REPUBLIKA.CO.ID, JAKARTA -- Kepala Pusat Penerangan Kementerian Dalam Negeri (Kemendagri) Benni Irwan mengatakan, pihaknya sedang mempertimbangkan untuk menerbitkan peraturan teknis mengenai penunjukan penjabat kepala daerah.
Menurut dia, Kemendagri mencermati dan memahami pengangkatan penjabat kepala daerah tak terlepas dari banyaknya kepentingan terhadap Pilkada serentak nasional 2024.
"Sehingga memandang perlu dan mempertimbangkan untuk menerbitkan aturan dan mekanisme yang lebih demokratis dan transparan," ujar Benni kepada Republika, Ahad (5/6/2022).
Desakan kepada pemerintah untuk membuat peraturan pelaksana sudah diwanti-wanti sejak sebelum kepala daerah definitif mengakhiri masa jabatannya pada Maret 2022.
Sebab, terjadi kekosongan jabatan kepala daerah sejak masa jabatannya berakhir pada 2022 dan 2023 sampai terpilihnya kepala daerah definitif melalui Pilkada serentak 2024.

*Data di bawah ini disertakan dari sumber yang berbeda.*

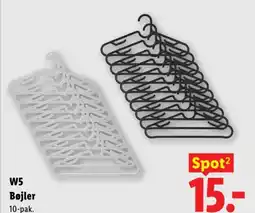 Lidl W5 Bøjler 10-pak. tilbud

Pengangkatan penjabat untuk mengisi kekosongan jabatan kepala daerah menuju Pilkada 2024 ini dinilai memerlukan aturan baru yang lebih detail untuk memastikan prosesnya berjalan demokratis. Hal ini pun rupanya diperkuat dengan putusan Mahkamah Konstitusi (MK) yang dibacakan pada 20 April lalu.
Dalam pertimbangannya, MK memerintahkan pemerintah untuk menerbitkan peraturan pelaksana khusus mengenai penunjukan penjabat ini. MK memandang, peraturan pelaksana ini perlu agar ada aturan dan mekanisme yang menjaga prinsip demokratis, transparan, dan akuntabel.
Namun, Kemendagri menunjuk penjabat gubernur dan penjabat bupati/wali kota pada Maret 2022 tanpa adanya aturan teknis yang dimaksud. Kemudian timbul persoalan seperti gubernur yang sempat enggan melantik penjabat bupati pilihan pemerintah pusat serta ditunjuknya anggota TNI aktif menjadi penjabat bupati.
Belum dibuatnya aturan teknis serta sejumlah permasalahan membuat beberapa kelompok masyarakat sipil mengadukan mendagri karena dugaan malaadministrasi dalam proses penunjukan penjabat ke Ombudsman Republik Indonesia pada Jumat (3/6/2022).
Kelompok masyarakat tersebut antara lain Komisi untuk Orang Hilang dan Korban Tindak Kekerasan (Kontras), Indonesia Corruption Watch (ICW), serta Perkumpulan untuk Pemilu dan Demokrasi (Perludem).
Terkait hal ini, Kemendagri akan mengikuti proses tindak lanjut laporan oleh Ombudsman. "Sehubungan dengan itu, Kemendagri siap untuk memberikan penjelasan jika nanti Ombudsman memerlukannya," kata Benni.
Namun, Benni menegaskan, meski tanpa peraturan teknis, proses penunjukan penjabat sudah sesuai dengan peraturan yang ada. Dia menyebutkan beberapa regulasi yang menjadi rujukan adalah Undang-Undang (UU) Nomor 23 Tahun 2014 tentang Pemerintahan Daerah, UU Pemilihan Kepala Daerah (Pilkada), UU Nomor 5 Tahun 2014 tentang Aparatur Sipil Negara (ASN).
Selain itu, diperhatikan juga UU Nomor 2 Tahun 2002 tentang Kepolisian Republik Indonesia, UU Nomor 34 Tahun 2004 tentang TNI, serta beberapa peraturan turunannya, seperti peraturan pemerintah, peraturan presiden, pertimbangan putusan MK tentang penunjukan penjabat kepala daerah.
Dia mengeklaim, penjaringan calon lima penjabat gubernur sebelumnya sudah dilakukan dengan membuka dan meminta usulan dari kementerian dan lembaga.
Demikian pula Kemendagri meminta usulan kepada gubernur untuk penjaringan calon penjabat bupati dan wali kota. Usulan yang diterima Kemendagri selanjutnya dibahas dalam sidang Tim Penilai Akhir (TPA) sebelum ditetapkan.
"Jadi penetapan penjabat kepala daerah ini bukan keputusan tunggal Presiden atau Menteri Dalam Negeri. Namun berdasarkan hasil pembahasan bersama pada sidang yang dihadiri oleh Mensesneg, Menseskab, Menpan dan RB, Mendagri, Kapolri, Kepala BIN dan Kepala BKN," kata Benni.